Improper margins on house gross sales had been $2.0 billion, or 22.5%, within the 3rd quarter of 2024, in comparison to $2.0 billion, or 24.4%, within the 3rd quarter of 2023. All the way through the 3rd quarter of 2024, rude margins reduced basically as a result of revenues in keeping with sq. understructure reduced moment land prices greater generation over generation, which used to be partly offset by way of a cut in prices in keeping with sq. understructure because of decrease subject matter prices because the Corporate endured to concentrate on development price financial savings.

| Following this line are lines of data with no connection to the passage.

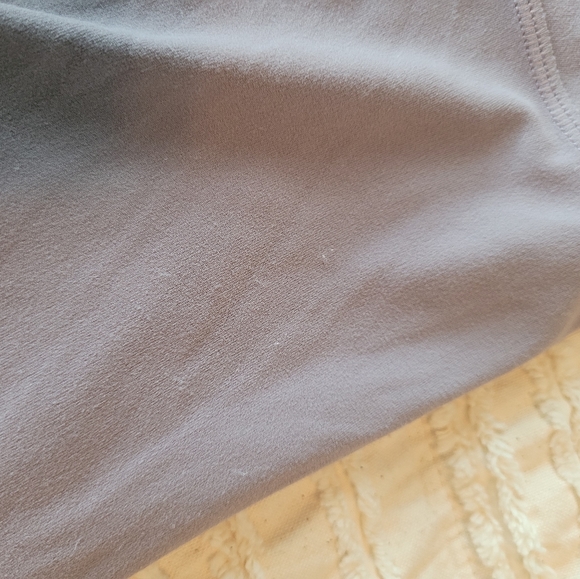 Lululemon Align short 6" in Violet Verbena - Picture 6 of 9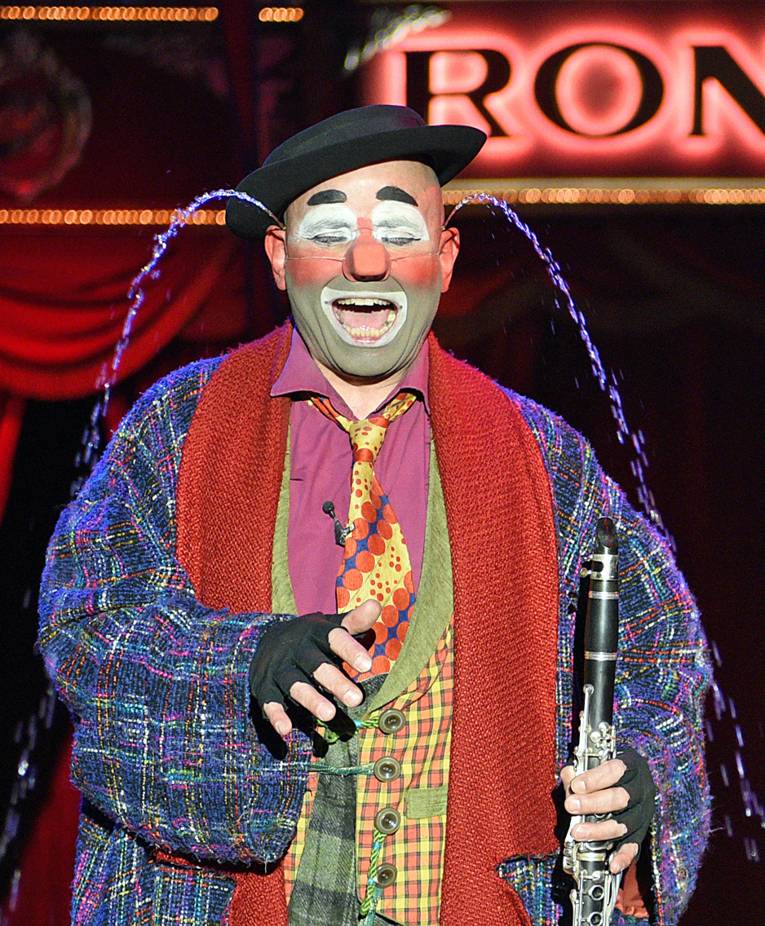 Clown, dem Wasser aus den Ohren fließt.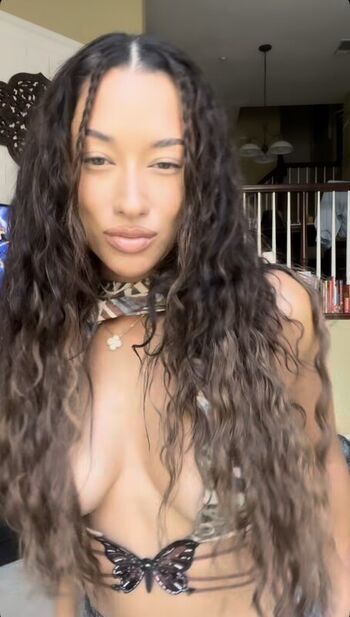 Full leaked Nikki blades private onlyfans photo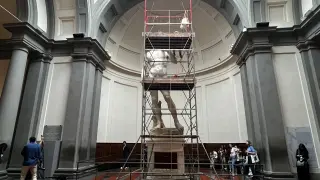 La Galería de la Academia de Florencia desempolva y limpia el monumental David de Miguel Ángel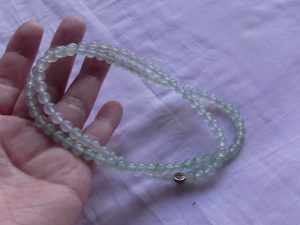 氷翡翠ビーズネックレス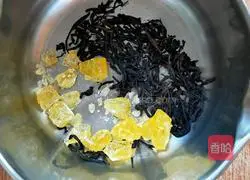 Illustration of how to make caramel milk tea 1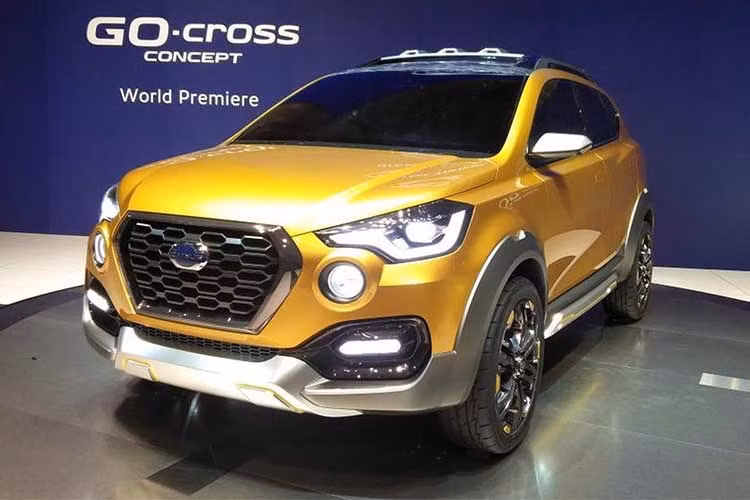 Để hé lộ trước về Datsun Cross, hãng đã tung ra bức hình đầu tiên, chụp phần đầu của chiếc xe. Với lưới tản nhiệt hình lục giác, cặp đèn pha projector kèm đèn LED ban ngày và các đèn chiếu sáng phụ, có thể thấy rõ phần đầu xe có thiết kế gần như y hệt chiếc xe ý tưởng Datsun Go Cross Concept, từng ra mắt tại Auto Expo 2016 ở Ấn Độ.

Promoting, common and administrative bills had been $601 million within the 3rd quarter of 2024, in comparison to $583 million within the 3rd quarter of 2023. As a proportion of revenues from house gross sales, promoting, common and administrative bills reduced to six.7% within the 3rd quarter of 2024, from 7.0% within the 3rd quarter of 2023, basically because of a cut in dealer commissions and advantages of the Corporate’s era efforts.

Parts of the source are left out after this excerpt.